Monday, November 22, 2004

The White House is Too Clever By Half

Bearing in mind that the White House means the programmers and President Bush is the delivery tool, is Karl Rove’s devious double bind governing style effective or has it hopelessly obscured the GOP message? On Saturday a few conservatives in Congress blocked the passage of a compromise bill to enact the recommendations of the 9/11 commission. President Bush and Vice President Cheney were reported to have vigorously used their telephones (Bush from Air Force One on his way to Chile, Cheney from Washington) to try to convince House Judiciary Committee Chair, F. James Sensenbrenner, Jr. (R-WI) and House Armed Services Committee Chair Duncan Hunter (R-CA) to drop their opposition to the bill.
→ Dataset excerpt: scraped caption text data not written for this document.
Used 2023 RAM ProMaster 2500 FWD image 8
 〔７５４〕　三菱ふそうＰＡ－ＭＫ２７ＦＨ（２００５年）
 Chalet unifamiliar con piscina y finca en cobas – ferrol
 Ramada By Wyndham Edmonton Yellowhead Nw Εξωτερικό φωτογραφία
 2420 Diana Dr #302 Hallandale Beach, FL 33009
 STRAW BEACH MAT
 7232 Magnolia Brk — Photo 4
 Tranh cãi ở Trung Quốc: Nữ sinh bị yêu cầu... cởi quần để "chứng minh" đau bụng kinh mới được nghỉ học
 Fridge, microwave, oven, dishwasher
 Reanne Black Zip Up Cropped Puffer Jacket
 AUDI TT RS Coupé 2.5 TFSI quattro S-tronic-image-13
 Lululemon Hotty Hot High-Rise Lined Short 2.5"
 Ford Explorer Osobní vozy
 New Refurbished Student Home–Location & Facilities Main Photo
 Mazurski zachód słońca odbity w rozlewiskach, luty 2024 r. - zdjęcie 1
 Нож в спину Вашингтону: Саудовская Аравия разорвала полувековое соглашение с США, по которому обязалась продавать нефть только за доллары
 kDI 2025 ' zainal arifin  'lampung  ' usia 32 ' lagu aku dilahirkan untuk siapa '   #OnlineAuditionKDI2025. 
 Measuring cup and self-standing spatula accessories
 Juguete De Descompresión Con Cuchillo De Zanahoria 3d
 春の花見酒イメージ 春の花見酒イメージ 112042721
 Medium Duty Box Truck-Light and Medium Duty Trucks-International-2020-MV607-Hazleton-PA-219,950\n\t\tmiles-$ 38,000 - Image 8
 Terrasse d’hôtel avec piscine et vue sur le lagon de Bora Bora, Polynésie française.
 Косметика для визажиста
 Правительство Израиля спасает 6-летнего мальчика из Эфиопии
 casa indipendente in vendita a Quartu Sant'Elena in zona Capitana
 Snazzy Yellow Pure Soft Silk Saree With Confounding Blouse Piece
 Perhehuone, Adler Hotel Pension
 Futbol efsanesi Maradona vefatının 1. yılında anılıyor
By Sunday, some pundits were saying that the pleas from Bush and Cheney were lukewarm and that the duo didn’t really want to unblock the blocked bill. Those who want the bill to pass--Dems and moderate Repubs--say those who are against it are trying to preserve the status quo. What would be the benefit for the administration to publicly defend the bill and privately want to defeat the bill? A few cliches come to mind: Having your cake and eating it too; playing both sides against the middle; working both sides of the street. But the real White House motivation is: Not letting the right hand know what the other right hand is doing. And the reason for this strategy is to seduce the warring factions within the Republican party into believing that all debts owed for election favors are being paid when in fact no one is being paid and everyone is getting cheated. How long will the White House try to fool all the people all the time? As long as it works. And how long will it work? Until the Republicans who are honest, good, and well-intentioned call the game. The biggest threat to the new White House gang is from life-long Republicans, not from Democrats.